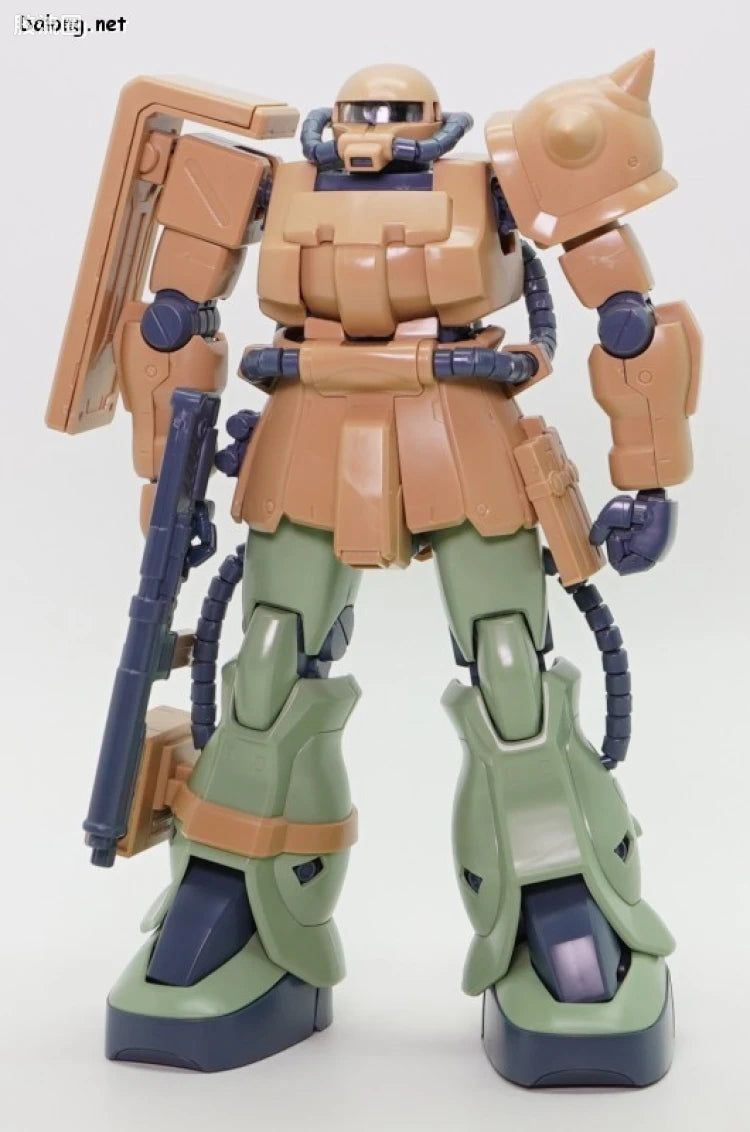P-Bandai MG 1/100 MS-06F-2 Zaku II F2 (Kimberlite Base Spec)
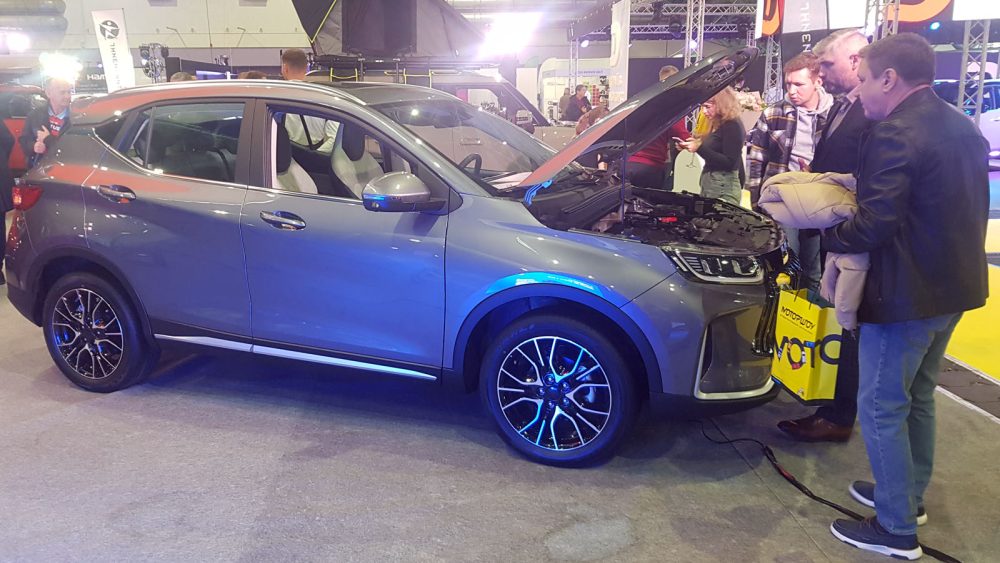 Моторшоу 2024 Jetour x50 сбоку спереди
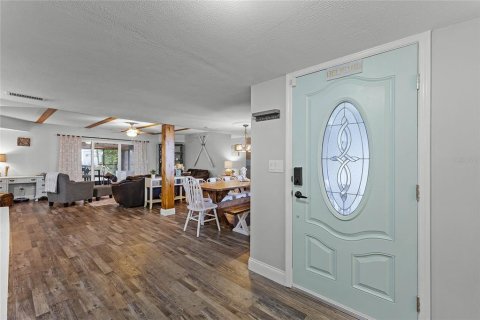 Townhouse in New Smyrna Beach, Florida 3 bedrooms, 210.61 sq.m. № 1723477 - photo 9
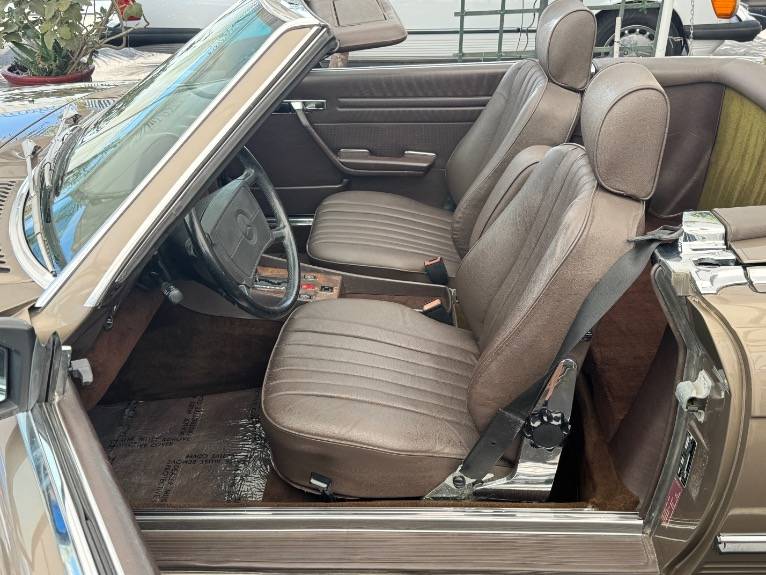 Mercedes-benz-560-class-1987-20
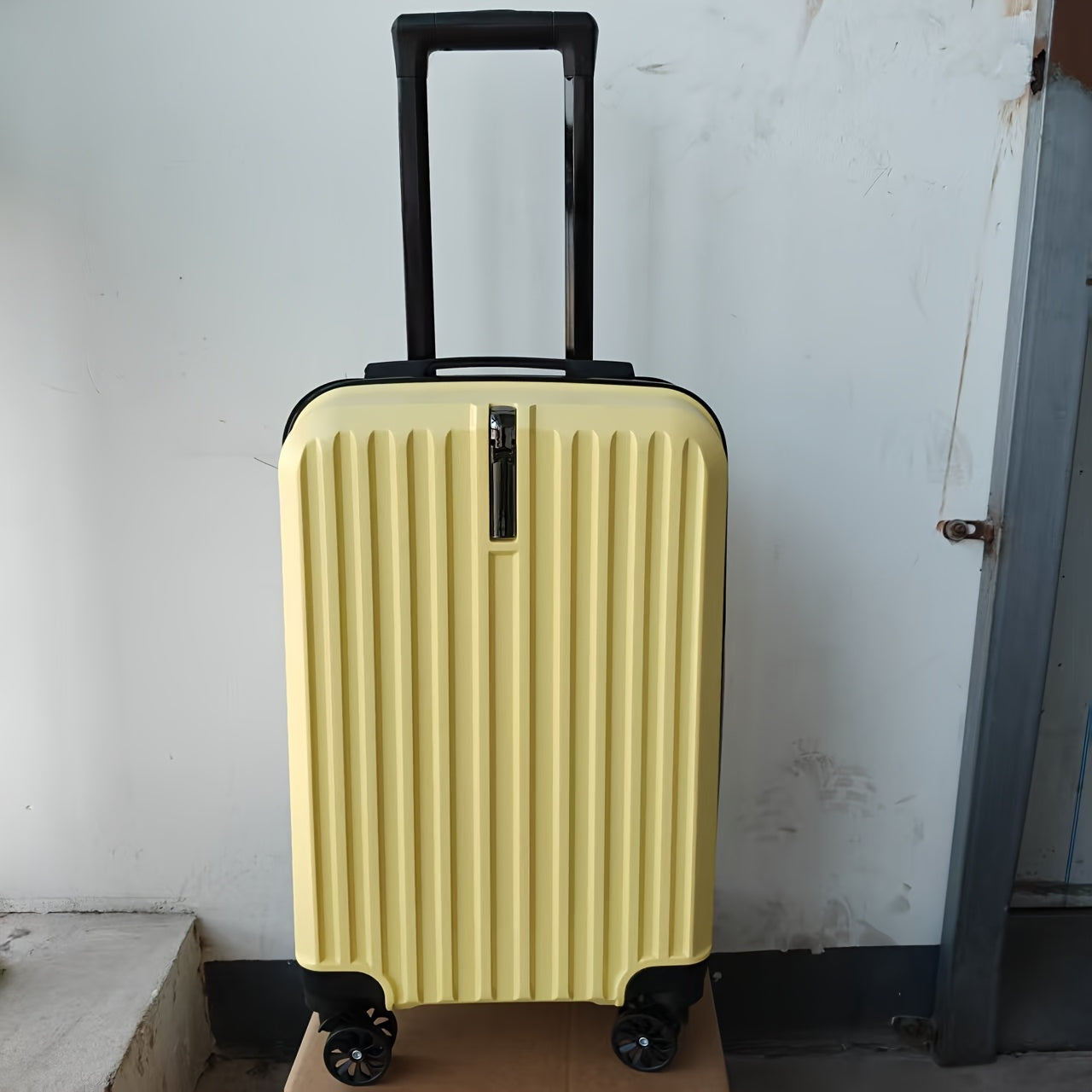 1pc Striped Trolley Case with Hook and Combination Lock, Featuring a Refreshing Modern Appearance with a Simple, Elegant, and High-value Design. Suitable for Daily Storage and Formal Business Trips. Lightweight, Pressure-resistant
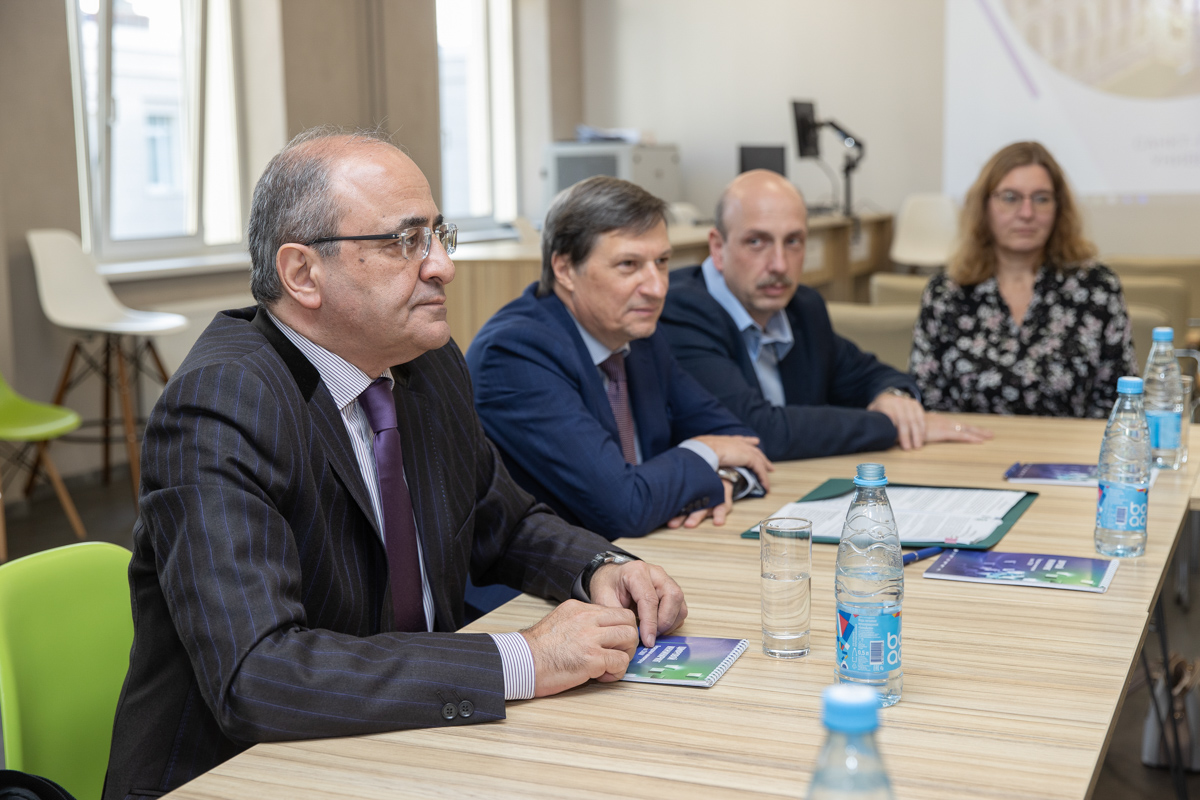 RAU Rector’s working discussion with Vice-Rector Dmitry Arseniev and heads of departments 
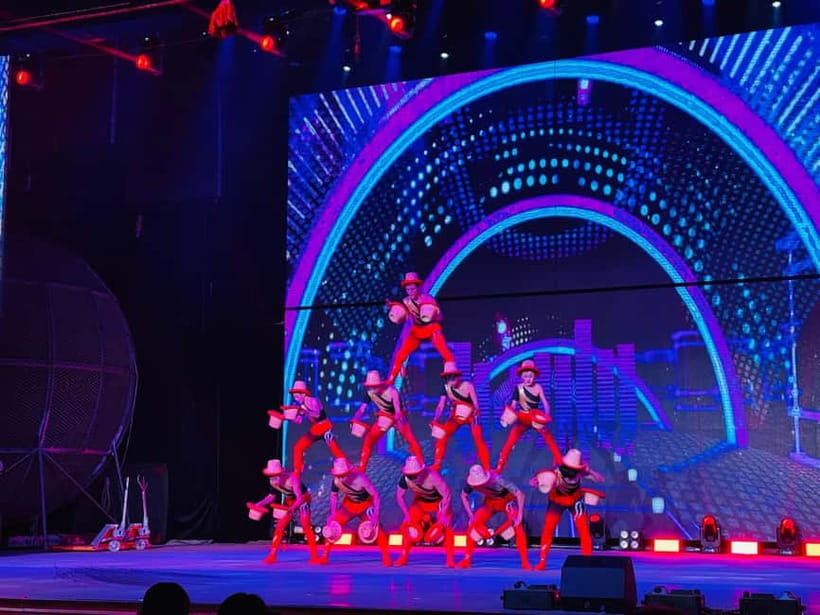 Beijing: Qinle Palace Acrobatics Show Ticket - The opening acts: traditional skills with a modern twist
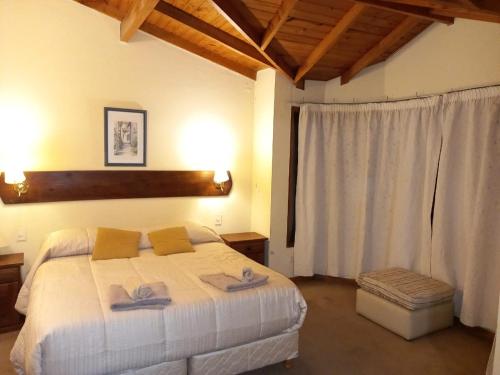 1 dormitorio con 1 cama con toallas en Casa Ussina en Ushuaia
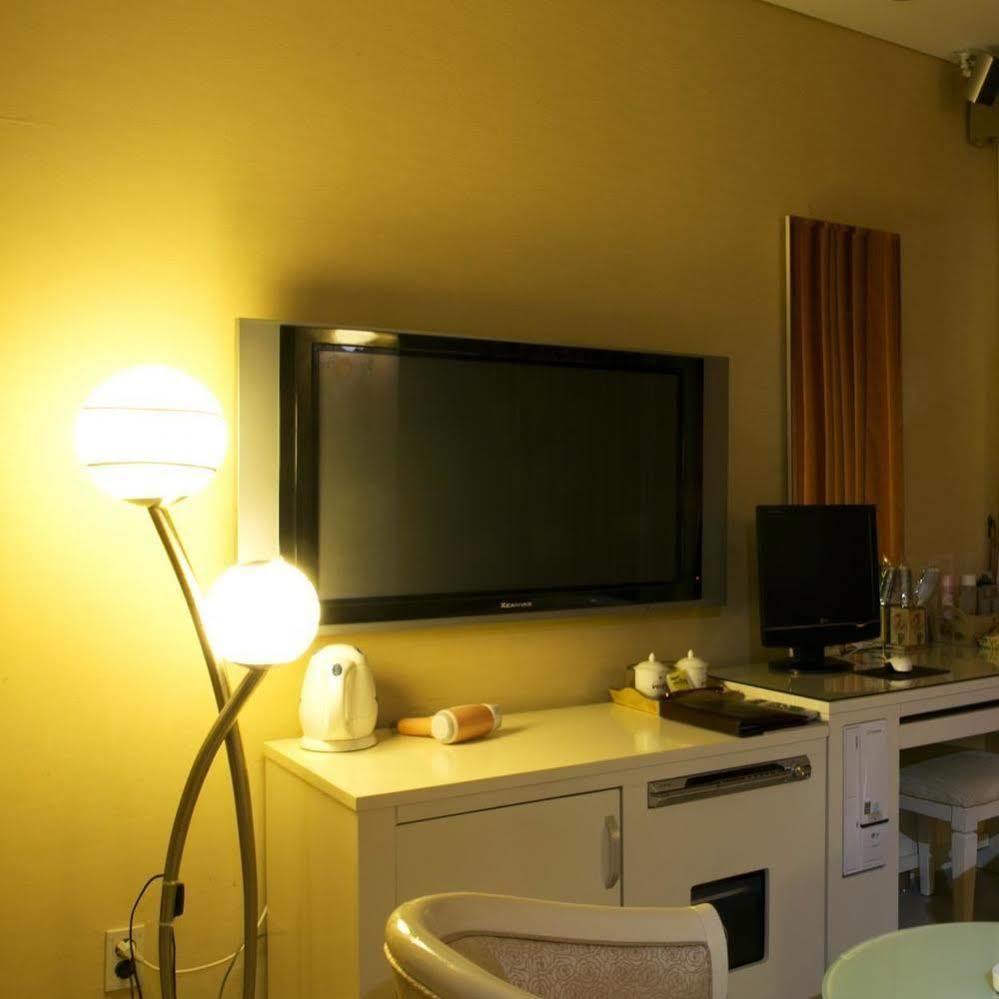 Wiz Hotel Пхаджу Экстерьер фото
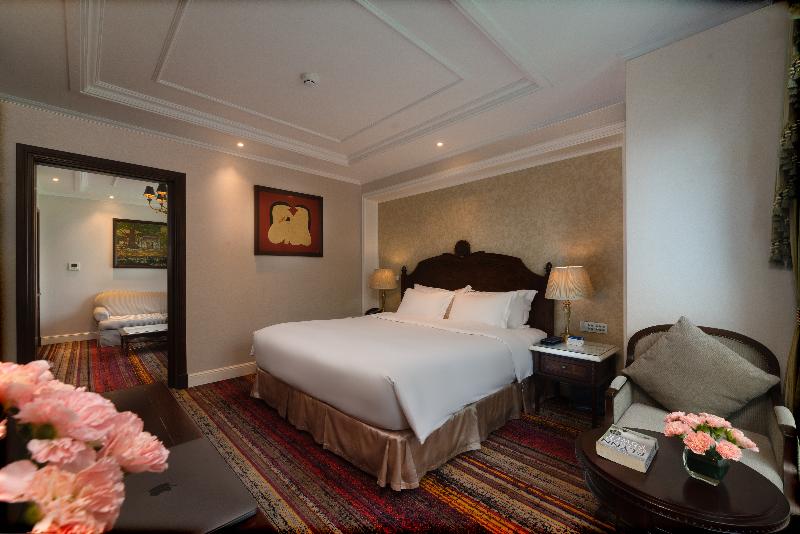 سوییت اجرایی, The Lapis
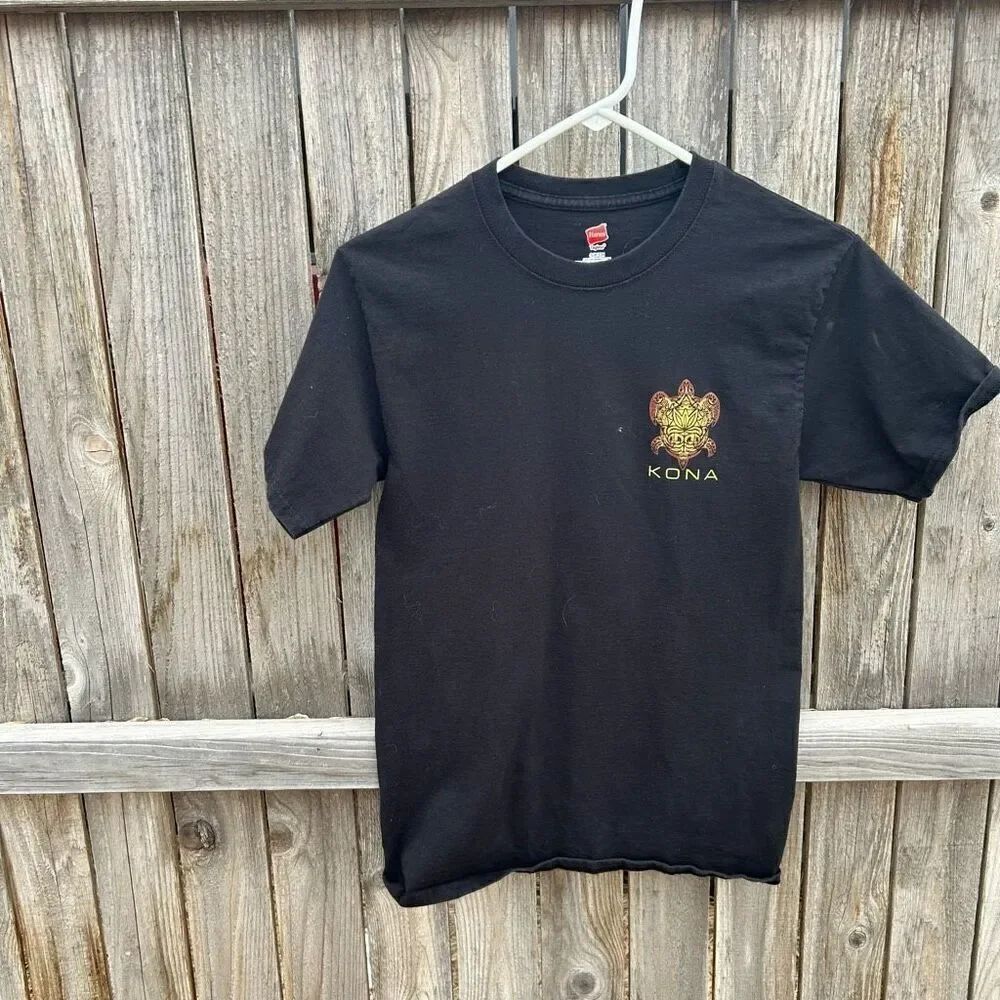 Kona men’s tshirt short sleeve size small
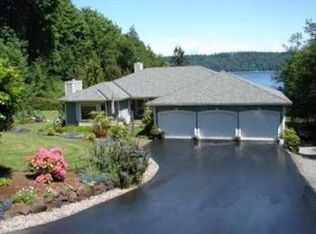 10717 Fox Dr NW, Gig Harbor, WA 98332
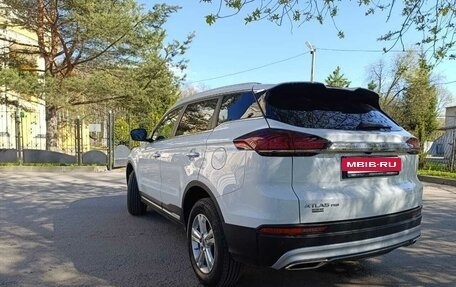 Geely Atlas, 2024 год, 2 100 000 рублей, 5 фотография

= = = = =

• [Exercise details]: Images stay out, but the rest of the data above must be repeated exactly.

• [Solution]:
P-Bandai MG 1/100 MS-06F-2 Zaku II F2 (Kimberlite Base Spec)
 Моторшоу 2024 Jetour x50 сбоку спереди
 Townhouse in New Smyrna Beach, Florida 3 bedrooms, 210.61 sq.m. № 1723477 - photo 9
 Mercedes-benz-560-class-1987-20
 1pc Striped Trolley Case with Hook and Combination Lock, Featuring a Refreshing Modern Appearance with a Simple, Elegant, and High-value Design. Suitable for Daily Storage and Formal Business Trips. Lightweight, Pressure-resistant
 RAU Rector’s working discussion with Vice-Rector Dmitry Arseniev and heads of departments 
 Beijing: Qinle Palace Acrobatics Show Ticket - The opening acts: traditional skills with a modern twist
 1 dormitorio con 1 cama con toallas en Casa Ussina en Ushuaia
 Wiz Hotel Пхаджу Экстерьер фото
 سوییت اجرایی, The Lapis
 Kona men’s tshirt short sleeve size small
 10717 Fox Dr NW, Gig Harbor, WA 98332
 Geely Atlas, 2024 год, 2 100 000 рублей, 5 фотография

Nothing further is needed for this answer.